> [WHAT TO WORK ON]: Would you return every entry below exactly as written, without its images?

----------

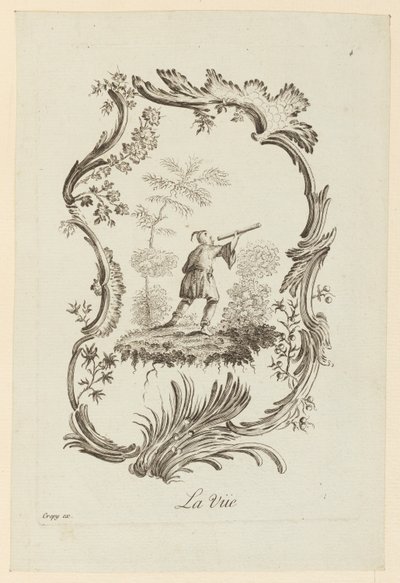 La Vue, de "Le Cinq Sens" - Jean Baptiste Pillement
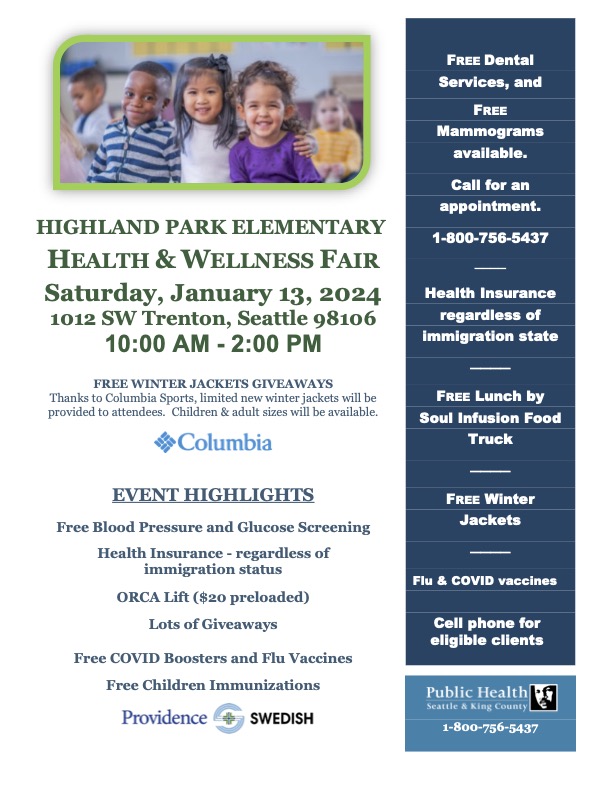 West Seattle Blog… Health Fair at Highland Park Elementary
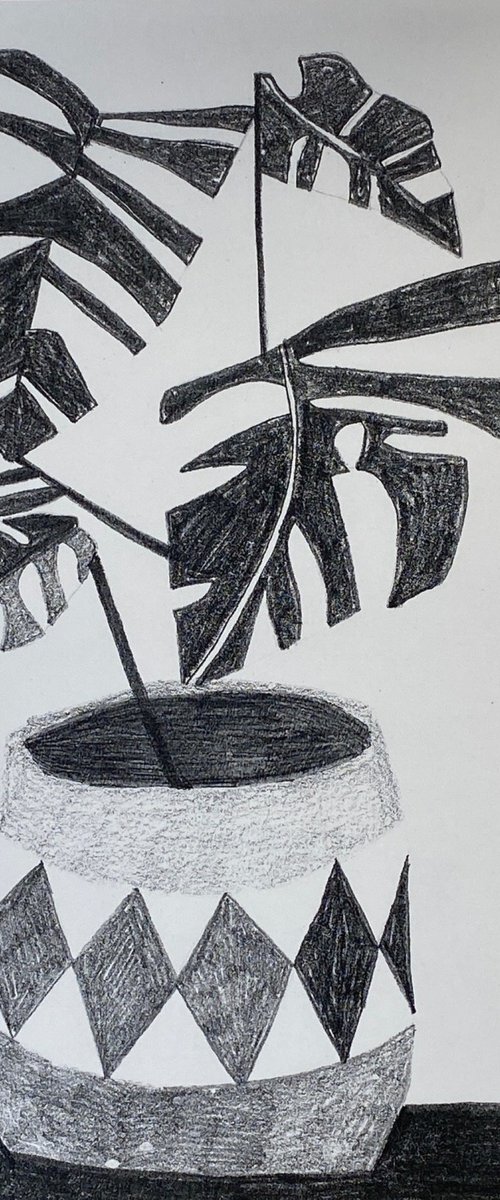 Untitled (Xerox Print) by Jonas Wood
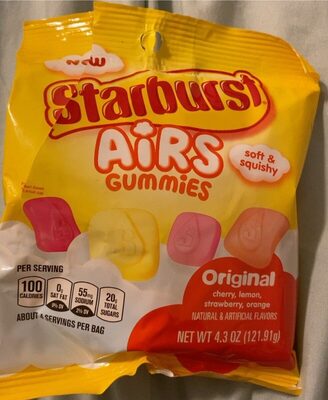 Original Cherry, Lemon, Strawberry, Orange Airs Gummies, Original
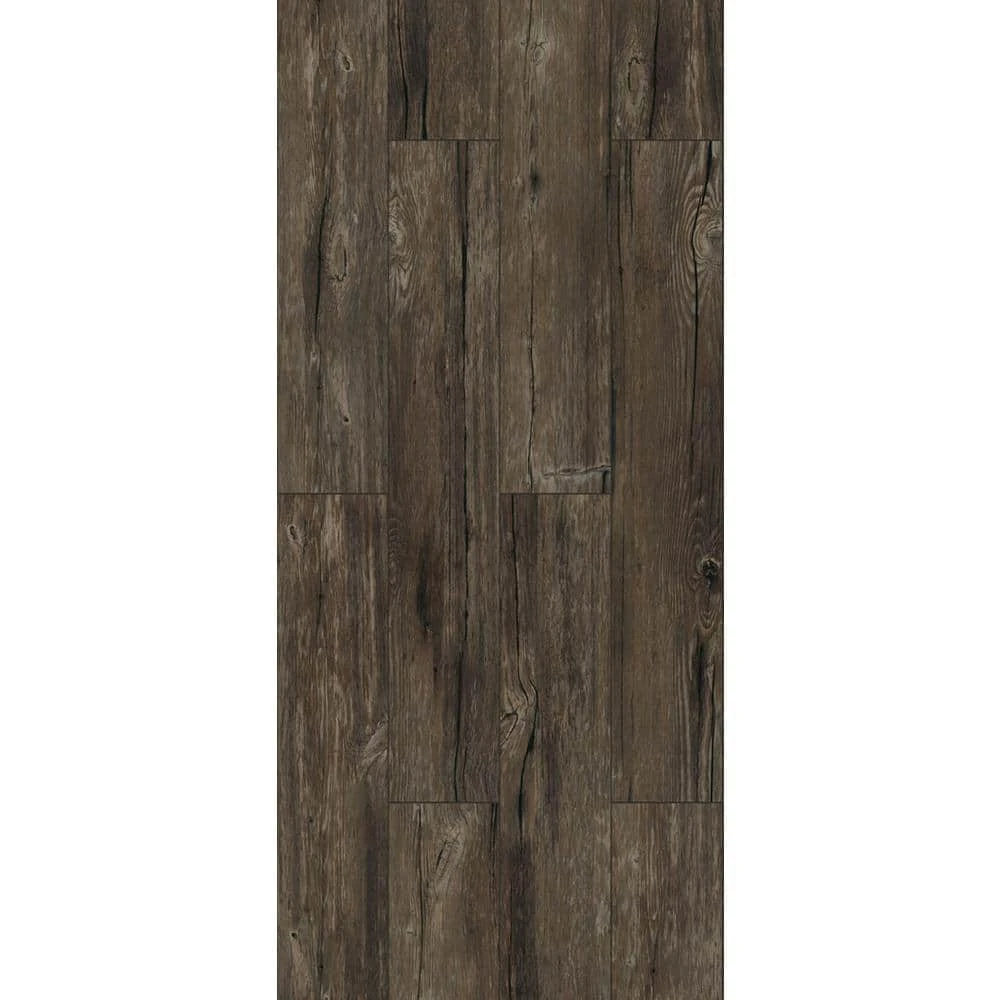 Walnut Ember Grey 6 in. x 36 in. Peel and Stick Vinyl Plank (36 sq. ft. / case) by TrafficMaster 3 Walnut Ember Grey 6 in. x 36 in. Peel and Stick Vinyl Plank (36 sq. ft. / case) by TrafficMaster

----------

> [YOUR SOLUTION]:
 La Vue, de "Le Cinq Sens" - Jean Baptiste Pillement
 West Seattle Blog… Health Fair at Highland Park Elementary
 Untitled (Xerox Print) by Jonas Wood
 Original Cherry, Lemon, Strawberry, Orange Airs Gummies, Original
 Walnut Ember Grey 6 in. x 36 in. Peel and Stick Vinyl Plank (36 sq. ft. / case) by TrafficMaster 3 Walnut Ember Grey 6 in. x 36 in. Peel and Stick Vinyl Plank (36 sq. ft. / case) by TrafficMaster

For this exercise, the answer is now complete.